An important category of NETs is the neuroendocrine tumors of the gastro-entero-pancreatic (GEP) system. These tumors originate from the diffuse endocrine system located in the gastrointestinal tract (carcinoids) and in the pancreas (insular tumors). The GEP NETs show extremely variable biological behavior and clinical course. The GEP tract has several different types of endocrine cells that produce more than 50 peptide hormones or amines. The GEP NETS can preserve and amplify the activity of the origin cells characterized by secretion of peptides, amines etc. These hormones lead to the manifestation of typical clinical symptoms by so called functional tumors. Some tumors may, however, be non-functional due to secretion of inactive hormones and/or dysfunctional hormone synthesis.

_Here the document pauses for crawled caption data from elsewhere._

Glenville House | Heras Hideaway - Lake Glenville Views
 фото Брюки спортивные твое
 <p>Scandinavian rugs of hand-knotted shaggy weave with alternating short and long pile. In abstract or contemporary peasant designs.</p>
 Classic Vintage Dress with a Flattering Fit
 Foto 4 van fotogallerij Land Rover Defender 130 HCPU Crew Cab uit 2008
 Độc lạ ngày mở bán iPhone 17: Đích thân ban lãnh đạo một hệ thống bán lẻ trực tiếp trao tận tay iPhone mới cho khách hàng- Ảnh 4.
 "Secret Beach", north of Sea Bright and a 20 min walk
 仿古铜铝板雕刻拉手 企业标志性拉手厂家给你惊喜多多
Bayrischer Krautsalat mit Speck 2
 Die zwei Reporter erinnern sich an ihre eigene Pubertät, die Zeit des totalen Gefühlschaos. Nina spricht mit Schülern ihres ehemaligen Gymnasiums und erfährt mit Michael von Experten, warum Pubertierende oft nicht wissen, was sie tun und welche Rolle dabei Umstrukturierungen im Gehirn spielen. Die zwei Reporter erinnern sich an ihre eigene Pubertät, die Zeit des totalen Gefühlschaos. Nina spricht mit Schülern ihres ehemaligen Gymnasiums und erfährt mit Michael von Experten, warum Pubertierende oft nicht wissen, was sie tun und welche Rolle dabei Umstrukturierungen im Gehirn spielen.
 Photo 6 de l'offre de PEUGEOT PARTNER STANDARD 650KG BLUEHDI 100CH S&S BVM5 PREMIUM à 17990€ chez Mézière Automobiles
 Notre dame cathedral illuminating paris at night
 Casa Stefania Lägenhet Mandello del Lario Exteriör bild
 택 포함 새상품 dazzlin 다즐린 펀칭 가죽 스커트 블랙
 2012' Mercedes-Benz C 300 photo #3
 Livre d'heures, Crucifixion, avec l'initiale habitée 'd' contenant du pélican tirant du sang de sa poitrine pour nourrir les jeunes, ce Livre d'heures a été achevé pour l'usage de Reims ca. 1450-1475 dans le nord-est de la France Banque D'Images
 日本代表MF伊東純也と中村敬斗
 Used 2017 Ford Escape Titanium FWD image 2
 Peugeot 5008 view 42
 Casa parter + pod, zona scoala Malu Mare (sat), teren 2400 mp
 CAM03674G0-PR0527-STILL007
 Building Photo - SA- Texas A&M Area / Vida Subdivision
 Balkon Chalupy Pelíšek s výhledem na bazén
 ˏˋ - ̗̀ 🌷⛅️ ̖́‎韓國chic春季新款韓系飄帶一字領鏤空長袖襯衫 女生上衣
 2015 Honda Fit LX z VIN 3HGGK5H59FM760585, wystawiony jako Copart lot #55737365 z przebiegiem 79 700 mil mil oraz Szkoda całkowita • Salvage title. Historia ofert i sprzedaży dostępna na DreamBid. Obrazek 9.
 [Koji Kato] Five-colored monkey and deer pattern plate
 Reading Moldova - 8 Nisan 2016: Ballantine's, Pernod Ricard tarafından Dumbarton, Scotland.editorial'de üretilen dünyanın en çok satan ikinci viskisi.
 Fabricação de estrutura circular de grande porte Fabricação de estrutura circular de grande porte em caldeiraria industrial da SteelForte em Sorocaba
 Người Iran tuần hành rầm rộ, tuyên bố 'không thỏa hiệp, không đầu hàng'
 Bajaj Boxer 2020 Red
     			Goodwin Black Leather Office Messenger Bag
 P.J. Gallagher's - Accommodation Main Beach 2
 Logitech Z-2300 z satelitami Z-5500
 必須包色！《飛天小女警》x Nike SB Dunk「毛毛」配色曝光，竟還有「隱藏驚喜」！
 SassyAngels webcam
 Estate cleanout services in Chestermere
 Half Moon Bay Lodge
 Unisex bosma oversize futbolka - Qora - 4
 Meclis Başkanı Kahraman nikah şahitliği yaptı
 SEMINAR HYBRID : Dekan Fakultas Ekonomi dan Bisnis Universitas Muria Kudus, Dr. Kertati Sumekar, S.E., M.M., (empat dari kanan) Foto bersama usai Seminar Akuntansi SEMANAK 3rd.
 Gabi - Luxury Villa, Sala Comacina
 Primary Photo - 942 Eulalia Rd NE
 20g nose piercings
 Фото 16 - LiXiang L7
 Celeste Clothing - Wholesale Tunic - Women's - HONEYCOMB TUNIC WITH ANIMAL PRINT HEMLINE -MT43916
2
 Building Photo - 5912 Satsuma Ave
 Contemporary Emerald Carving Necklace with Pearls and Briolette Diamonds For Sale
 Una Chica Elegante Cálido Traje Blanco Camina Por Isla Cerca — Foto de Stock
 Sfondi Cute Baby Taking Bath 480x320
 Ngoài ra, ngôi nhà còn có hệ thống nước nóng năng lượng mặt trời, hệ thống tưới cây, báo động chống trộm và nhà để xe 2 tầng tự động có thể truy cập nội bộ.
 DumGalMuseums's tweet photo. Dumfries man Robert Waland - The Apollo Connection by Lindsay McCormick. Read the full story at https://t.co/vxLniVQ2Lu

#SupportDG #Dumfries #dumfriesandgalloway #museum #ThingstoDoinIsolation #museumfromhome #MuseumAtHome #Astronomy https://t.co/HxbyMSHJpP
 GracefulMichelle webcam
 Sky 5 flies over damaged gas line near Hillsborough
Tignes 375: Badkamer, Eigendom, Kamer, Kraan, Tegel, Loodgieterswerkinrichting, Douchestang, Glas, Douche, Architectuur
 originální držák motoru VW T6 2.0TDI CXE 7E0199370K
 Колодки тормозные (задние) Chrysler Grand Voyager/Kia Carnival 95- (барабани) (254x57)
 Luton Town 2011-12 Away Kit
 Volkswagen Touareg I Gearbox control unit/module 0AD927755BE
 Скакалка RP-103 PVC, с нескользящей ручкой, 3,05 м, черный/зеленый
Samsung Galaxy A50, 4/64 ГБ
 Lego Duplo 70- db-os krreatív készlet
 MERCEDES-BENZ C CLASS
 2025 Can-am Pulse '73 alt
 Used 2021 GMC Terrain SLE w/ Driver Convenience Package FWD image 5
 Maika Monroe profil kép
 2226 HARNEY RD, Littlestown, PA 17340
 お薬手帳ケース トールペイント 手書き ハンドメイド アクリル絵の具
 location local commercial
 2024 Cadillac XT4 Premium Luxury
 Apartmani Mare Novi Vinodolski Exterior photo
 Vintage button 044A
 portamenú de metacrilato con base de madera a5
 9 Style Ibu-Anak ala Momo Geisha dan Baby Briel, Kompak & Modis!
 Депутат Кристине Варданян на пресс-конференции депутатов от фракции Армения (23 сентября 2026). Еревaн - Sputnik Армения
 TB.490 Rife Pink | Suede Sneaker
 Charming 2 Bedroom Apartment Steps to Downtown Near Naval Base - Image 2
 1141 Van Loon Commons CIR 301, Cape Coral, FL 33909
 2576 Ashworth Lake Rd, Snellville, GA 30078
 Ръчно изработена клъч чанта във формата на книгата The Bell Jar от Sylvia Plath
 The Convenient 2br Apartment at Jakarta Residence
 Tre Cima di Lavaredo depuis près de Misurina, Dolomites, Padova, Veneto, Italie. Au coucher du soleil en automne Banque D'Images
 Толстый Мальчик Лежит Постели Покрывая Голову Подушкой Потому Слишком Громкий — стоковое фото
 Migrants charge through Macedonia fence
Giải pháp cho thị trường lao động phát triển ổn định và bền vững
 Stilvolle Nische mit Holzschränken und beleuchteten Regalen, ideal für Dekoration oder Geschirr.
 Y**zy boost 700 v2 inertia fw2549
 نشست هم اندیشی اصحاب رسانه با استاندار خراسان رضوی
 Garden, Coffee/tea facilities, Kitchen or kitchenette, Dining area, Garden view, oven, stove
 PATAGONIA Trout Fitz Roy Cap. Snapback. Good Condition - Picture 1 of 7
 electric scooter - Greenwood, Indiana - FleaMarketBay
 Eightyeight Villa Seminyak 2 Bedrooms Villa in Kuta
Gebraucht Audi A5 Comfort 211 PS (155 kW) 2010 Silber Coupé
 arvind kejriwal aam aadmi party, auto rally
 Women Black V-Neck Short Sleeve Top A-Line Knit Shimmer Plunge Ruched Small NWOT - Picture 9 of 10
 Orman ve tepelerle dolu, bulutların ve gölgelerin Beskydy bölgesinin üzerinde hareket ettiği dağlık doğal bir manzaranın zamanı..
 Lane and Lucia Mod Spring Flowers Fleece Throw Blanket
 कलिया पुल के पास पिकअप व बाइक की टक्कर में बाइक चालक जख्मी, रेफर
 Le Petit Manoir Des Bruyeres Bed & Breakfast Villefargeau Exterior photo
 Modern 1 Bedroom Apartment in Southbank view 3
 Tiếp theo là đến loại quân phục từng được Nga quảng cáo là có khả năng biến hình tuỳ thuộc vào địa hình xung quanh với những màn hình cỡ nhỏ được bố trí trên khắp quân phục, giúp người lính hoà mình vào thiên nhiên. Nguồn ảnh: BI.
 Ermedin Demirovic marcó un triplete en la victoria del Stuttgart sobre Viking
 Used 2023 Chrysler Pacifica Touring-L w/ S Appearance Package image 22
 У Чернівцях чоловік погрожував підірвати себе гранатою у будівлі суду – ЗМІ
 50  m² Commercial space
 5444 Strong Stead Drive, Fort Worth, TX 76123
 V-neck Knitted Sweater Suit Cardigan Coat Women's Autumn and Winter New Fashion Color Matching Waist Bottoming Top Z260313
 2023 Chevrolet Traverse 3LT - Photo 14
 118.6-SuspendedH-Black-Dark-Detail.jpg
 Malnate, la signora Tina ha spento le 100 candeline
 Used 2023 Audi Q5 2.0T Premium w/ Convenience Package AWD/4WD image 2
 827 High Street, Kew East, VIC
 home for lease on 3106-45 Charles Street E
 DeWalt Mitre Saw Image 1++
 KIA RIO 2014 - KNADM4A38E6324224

Many GEP NETs may be asymptomatic for years or can occur with obstructive symptoms. Due to this vagueness of symptoms the diagnosis is often delayed for several years. Symptoms from secreted hormones may prompt measurement of the corresponding hormones in the blood or their associated urinary products, for initial diagnosis. Given the diverse secretory activity of NETs there are many other potential markers, but a limited panel is usually sufficient for clinical purposes. Aside from the hormones of secretory tumors, Chromogranin A may be of great diagnostic value. This secretory protein, stored in dense-core granules of neuroendocrine cells, has been shown to be a very specific and sensitive marker for various forms of NETs. In recent years, improved diagnostic techniques and new therapeutic modalities have enhanced clinicians’ ability to detect and appropriately treat these rare and unique malignancies.
Endocrinology: The endocrine system is a complex collection of hormone-producing glands such as the pituitary, hypothalamus, pancreas, adrenal cortex, thyroid gland, parathyroid, and the gonads. There are in principle three forms of hormones, steroids, biogenic amines and peptides. Hormones act by binding to specific receptors in the target organand thereby control basic body functions such as metabolism, growth and sexual development. The amount of hormones produced by each gland is carefully balanced to generate needed effects. Too much or too little of a certain hormone can have effects throughout the body and cause various endocrine disorders. The endocrine glands secrete the hormones they produce directly into the bloodstream and are often controlled by trophic (stimulating) hormones. In addition to the classical endocrine glands, a number of tissues also secrete messenger substances/hormones involved in the cell to cell and tissue to tissue communication. Examples are the intestines, kidneys, liver, stomach and the heart.